To give you an overall impression of the Cabinet's Secretary's review, here are his conclusions:

34. It is my conclusion that:

i. none of the materials that I have reviewed contradicts anything in the then Foreign Secretary's statement to the House Of Commons (12 October 2009) or the current Foreign Secretary's letter to Senator Kerry (23 July 2010), or statements made by the former Prime Minister on this matter;

ii. it is evident from the paperwork, including in documentation already released, that the Libyans made explicit links between progress on UK commercial interests in Libya and removal of any clause in the PTA whose effect would be to exclude Mr Megrahi from the PTA. It is also evident, including in documentation already released, that BP did lobby the former Government to make them aware that failure to agree the PTA could have an impact on UK commercial interests, including Libyan ratification of the BP exploratory agreement (EPSA) signed in May 2007. As is already in the public domain, these commercial considerations played a part in the former UK Government's decision to reverse its position and agree to the removal of this exclusion clause. And once the exclusion clause had been removed from the draft PTA, the former UK Government in turn held up final signature until progress on commercial deals had been achieved. The records show that Cabinet Office and FCO Ministers and officials were mindful of, and pressed Libyan interlocutors for progress on, the major BP deal (alongside other UK deals) in the context of agreeing the PTA. But:

a) while the PTA provided a framework to consider the transfer of prisoners, it did not permit transfer when an appeal was outstanding and, critically, in line with every other PTA, provided no automatic right to transfer;

b) any decision on an application for transfer of Mr Megrahi under the PTA was for Scottish Ministers alone to make. Scottish Ministers retained an absolute veto over any request for prisoner transfer in the case of Mr Megrahi, a veto they used in August 2009 by rejecting his application for transfer;

c) the PTA did not in any case form the basis for the release of Mr Megrahi;

d) there is no evidence that pressure was placed on the Scottish Government by BP for the transfer or release of Mr Megrahi (either under the Prisoner Transfer Agreement or on compassionate grounds);

e) there is nothing in the paperwork to indicate any pertinent contacts between BP and HMG after February 2008;

f) the Libyans were not told there were linkages between BP's exploratory agreement and the transfer or release of Mr Megrahi (either under the Prisoner Transfer Agreement or on compassionate grounds).

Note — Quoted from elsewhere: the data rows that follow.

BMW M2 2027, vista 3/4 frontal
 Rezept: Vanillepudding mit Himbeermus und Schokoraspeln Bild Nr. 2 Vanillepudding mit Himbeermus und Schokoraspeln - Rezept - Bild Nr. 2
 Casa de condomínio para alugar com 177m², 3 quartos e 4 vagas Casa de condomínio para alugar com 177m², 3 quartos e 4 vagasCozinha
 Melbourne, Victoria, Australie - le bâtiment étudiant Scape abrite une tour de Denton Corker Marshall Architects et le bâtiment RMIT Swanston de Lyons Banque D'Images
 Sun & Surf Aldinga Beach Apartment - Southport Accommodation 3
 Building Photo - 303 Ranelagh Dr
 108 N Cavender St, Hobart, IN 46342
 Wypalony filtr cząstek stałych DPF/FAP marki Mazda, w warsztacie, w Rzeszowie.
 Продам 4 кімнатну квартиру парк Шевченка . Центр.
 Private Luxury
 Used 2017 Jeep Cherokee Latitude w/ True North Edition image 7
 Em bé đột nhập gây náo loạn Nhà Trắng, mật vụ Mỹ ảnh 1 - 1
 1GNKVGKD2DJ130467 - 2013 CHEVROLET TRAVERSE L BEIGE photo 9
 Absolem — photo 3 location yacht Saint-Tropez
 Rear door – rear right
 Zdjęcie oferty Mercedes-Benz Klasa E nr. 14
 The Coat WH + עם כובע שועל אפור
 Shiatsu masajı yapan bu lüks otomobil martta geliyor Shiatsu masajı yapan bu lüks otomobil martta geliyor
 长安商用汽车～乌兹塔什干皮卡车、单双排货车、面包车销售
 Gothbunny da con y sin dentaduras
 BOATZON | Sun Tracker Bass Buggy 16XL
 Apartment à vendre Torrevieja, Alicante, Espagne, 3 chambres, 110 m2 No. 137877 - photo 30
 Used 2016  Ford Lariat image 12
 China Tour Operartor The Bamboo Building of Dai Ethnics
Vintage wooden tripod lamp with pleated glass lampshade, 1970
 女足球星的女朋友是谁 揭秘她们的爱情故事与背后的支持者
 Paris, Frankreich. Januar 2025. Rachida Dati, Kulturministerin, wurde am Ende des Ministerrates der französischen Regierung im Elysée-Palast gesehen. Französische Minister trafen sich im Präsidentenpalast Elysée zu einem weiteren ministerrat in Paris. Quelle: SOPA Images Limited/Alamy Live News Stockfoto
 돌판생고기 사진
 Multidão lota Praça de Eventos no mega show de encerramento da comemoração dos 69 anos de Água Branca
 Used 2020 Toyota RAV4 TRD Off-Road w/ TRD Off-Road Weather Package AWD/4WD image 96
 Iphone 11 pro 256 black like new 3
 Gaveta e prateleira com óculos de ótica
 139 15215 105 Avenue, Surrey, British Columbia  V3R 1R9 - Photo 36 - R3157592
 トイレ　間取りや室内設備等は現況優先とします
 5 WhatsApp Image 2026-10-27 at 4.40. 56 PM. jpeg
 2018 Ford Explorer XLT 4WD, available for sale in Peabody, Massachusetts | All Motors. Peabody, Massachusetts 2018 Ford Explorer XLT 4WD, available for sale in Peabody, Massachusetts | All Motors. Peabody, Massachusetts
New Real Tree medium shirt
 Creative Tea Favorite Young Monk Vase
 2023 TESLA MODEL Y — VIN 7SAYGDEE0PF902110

iii. it is clear from the paperwork that at all times the former Government was clear that any decision on Mr Megrahi's release or transfer under a PTA was one for the Scottish Government alone to take. The documentation considered by the review demonstrates that they were clear on this in their internal deliberations and, crucially, in their contacts and exchanges with the Libyans, including at the highest levels, and with the Scottish Government. In Gordon Brown's only meeting with Colonel Qadhafi, on 10 July 2009, he made clear that the decision was solely a matter for Scottish Ministers and HMG could not interfere.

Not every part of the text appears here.